Montebro avalia que os leilões são um “passo importantíssimo” do novo marco legal. “Sabemos que os desafios são grandes, mas foi dado um importante passo e eu acredito que mesmo que não consigamos chegar na meta estabelecida para 2033 (99% da população brasileira com acesso a água tratada), estaremos bem à frente do que atualmente”.
E quanto às empresas listadas em Bolsa que estão ligadas à água?
Na B3 (B3SA3), a bolsa brasileira, algumas empresas estão ligadas ao saneamento básico e às fontes de energia hidrelétrica. Outras adiaram os seus planos de abrir capital, como a Companhia Riograndense de Saneamento (Corsan), que, por ora, planeja realizar sua oferta pública inicial de ações (IPO, na sigla em inglês) apenas mais à frente.
Se você lida bem com a volatilidade do mercado e investe em ações, veja o que a XP indica para os papéis de companhias ligadas ao setor:
Copasa
A XP tem três cenários diferentes para a Copasa (CSMG3), cujo processo de privatização tem sido defendido pelo governo estadual de Minas Gerais.
A última recomendação, cenário-base para a corretora, foi de venda, com preço-alvo em R$ 15,00, porque os analistas consideram que a operação seja improvável. Em caso de privatização sem contrato em Belo Horizonte, o preço-alvo para a empresa dispararia a R$ 21,00 – quando assumido se a companhia fosse reembolsada por investimentos não depreciados no município.
Já numa simulação de desestatização completa, o preço-alvo chegaria a R$ 25,00, assumida a convergência de custos operacionais por ligação para patamares de empresas privadas de saneamento, além de uma menor taxa de desconto no Fluxo de Caixa Descontado (em linha com a metodologia utilizada no cenário otimista da Sabesp).
Cesp
Para a Cesp (CESP6), a XP recomenda compra, com preço-alvo em R$ 33,00 por ação. Analistas acreditam que os papéis oferecem um risco-retorno atrativo a investidores e pontuam as melhorias de custo desde a privatização da empresa em outubro de 2018, com reduções de 52% no número de funcionários e de 18% nos custos gerenciáveis.

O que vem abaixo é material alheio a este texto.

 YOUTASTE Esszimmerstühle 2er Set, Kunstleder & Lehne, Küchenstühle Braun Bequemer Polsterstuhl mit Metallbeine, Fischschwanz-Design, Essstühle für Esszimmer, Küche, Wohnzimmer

A Cesp também possui a menor alavancagem entre as companhias do setor elétrico que estão cobertas pela XP, reportada pela última vez em 1,3x Dívida líquida/EBITDA = comparado a 1,97x para Engie Brasil (EGIE3), 2,99x para AES Tietê (TIET11) e 4,9x para Ômega Energia (MEGA3).
Sanepar
A Sanepar (SAPR11) recebeu recomendação neutra da XP, com preço-alvo de R$ 26,00 por ação. Em relatório divulgado após o balanço do quarto trimestre da companhia, a XP destacou que os números apresentados pela mesma vieram em linha com as estimativas e acima do consenso de mercado.
Na opinião da XP, os destaques positivos foram o crescimento do volume faturado de água e esgoto (+0,5% para água e +2,1% para esgoto A/A), e o aumento do número de ligações (+2,0% A/A).
A posição neutra se justifica porque a XP acredita na persistência do risco regulatório da AGEPAR (Agência Reguladora do Paraná).
Sabesp
A XP também se mantém neutra em relação aos papéis de Sabesp (SBSP3).
Analistas acreditam que a empresa seja o melhor veículo para investidores otimistas com potenciais processos de privatização, uma vez que a empresa tem menores entraves para ser privatizada tanto no âmbito estadual, devido ao maior alinhamento entre os poderes executivo e legislativo no Estado de São Paulo, como no âmbito municipal com base em análise dos principais contratos de programa da empresa.
Mas pontuam que eventuais tratativas para um processo de privatização da Sabesp não devem ocorrer antes das eleições de 2022, devido à sensibilidade política do tema.